En mélangeant malhonnêtement ces différents phénomènes, on aboutit à une criminalisation non seulement d’une partie de la population étrangère et de tous ses descendants, mais aussi à la criminalisation de leurs convictions religieuses. Tout prolétaire arabe devient un pashdaran, un taliban, un fanatique en puissance.

Face à de tels fantasmes, partagés à droite comme à gauche, il faut rappeler que la répression de l’État « laïc » ne fera pas progresser d’un poil la lutte antireligieuse. Elle favorisera certaines religions au détriment d’autres, elle jouera des divisions entre différents courants au sein d’une même religion, elle utilisera les querelles sur la laïcité pour à la fois occuper l’opinion, maintenir le statut quo, et renforcer l’illusion qu’il n’existe qu’une seule solution la « laïcité à la française » qui, comme toutes les choses « à la française », serait supérieure aux autres.
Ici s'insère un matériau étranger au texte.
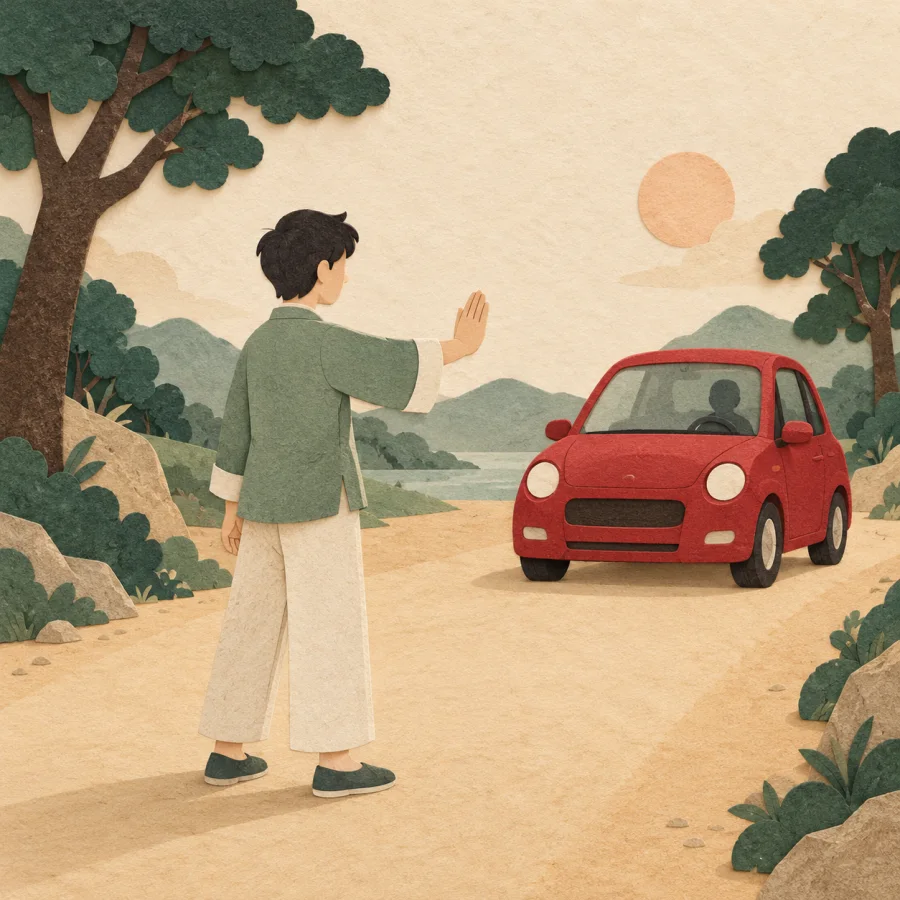 A person in the road stops a car with a raised palm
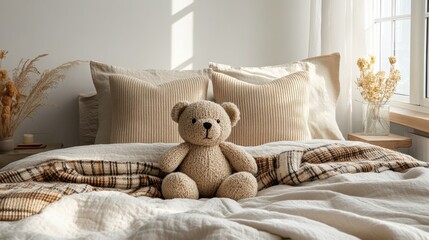 Cozy bedroom with a teddy bear in soft morning light and tranquil decor for a peaceful ambiance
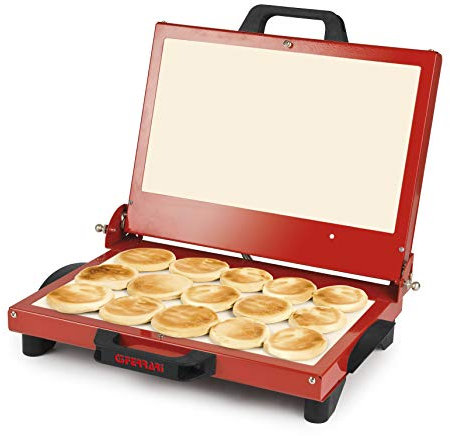 G3 Ferrari G10025 Tigella Mia Tigelliera e Tostiera, 1200 W, Pietre refrattarie XXL, Termostato regolabile, Rosso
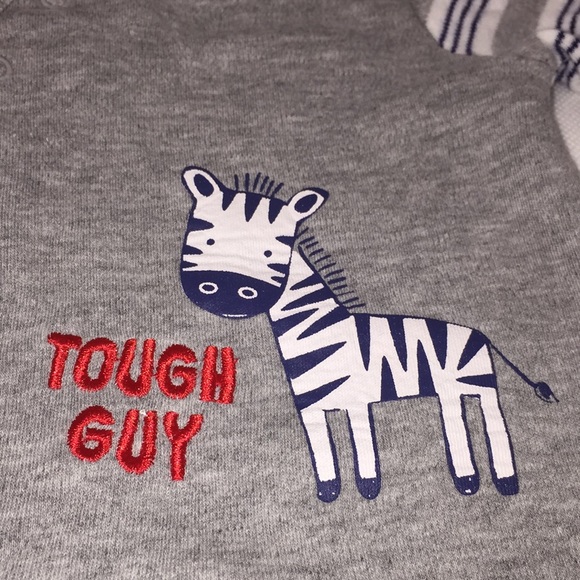 Koala Baby Preemie Infant Boys Footed Sleeper "Tough Guy" Zebra Motif Premature - Picture 2 of 7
Et pendant ce temps-là la prise de conscience de l’aliénation religieuse ne progressera pas d’un pouce.

Les athées qui se gargarisent du statut quo français font preuve d’un manque total d’imagination par rapport à une situation nouvelle à propos de laquelle ils refusent même de réfléchir : la présence de millions de personnes venant de pays musulmans en France (et en Europe) dont on ne peut exiger en quelques années qu’ils abandonnent une des composantes essentielles de leur identité alors que, pendant des décennies, leur pays d’origine, leur religion et leur culture ont été méprisés dans ce pays qui se prétend si tolérant et démocratique. Alors qu’on les a parqués dans des bidonvilles hier, dans des cités ghettos aujourd’hui.

Le fait que, dans les collèges aujourd’hui, on enseigne de façon détaillée ce qu’est l’islam n’est, en soi, pas une mauvaise chose. Aux enseignants de montrer dans leur travail quotidien que la religion ne descend pas du ciel et de stimuler l’esprit critique de leurs élèves sans tomber dans la provocation.

Aux révolutionnaires de souligner les implications politiques de l’islam et des autres religions. Et de montrer que les religions ne sont qu’une des nombreuses formes prises par l’obscurantisme à travers l’histoire.

Sur la question de la construction de lieux de culte décents, il est effectivement scandaleux que les musulmans se voient refuser des permis de construire des mosquées et soient obligés de prier dans des locaux insalubres, mais en même temps on voit difficilement comment des athées pourraient accepter que l’État en finance la construction en puisant dans les poches des contribuables. Aux musulmans de trouver les fonds eux-mêmes et de choisir leurs alliés. Les choix qu’ils feront montreront effectivement sur le terrain politique quelles sont leurs positions : s’ils acceptent les subsides d’États comme l’Arabie saoudite ou le Pakistan, la situation ne sera pas la même que s’ils préservent leur indépendance financière. Sur ces questions, un discours antireligieux ne peut être cohérent (et éventuellement compréhensible) qu’à condition de rappeler que l’on est tout autant hostile aux privilèges accordés aux autres religions, tel le statut particulier de l’Église catholique en Alsace par exemple.

Si un jour les idées féministes et révolutionnaires sont massivement répandues dans l’immigration, comme dans l’ensemble de la population, le combat pour l’athéisme et contre l’obscurantisme pourra peut-être passer à une vitesse supérieure. Mais pour cela, il ne faudra pas compter sur l’Etat.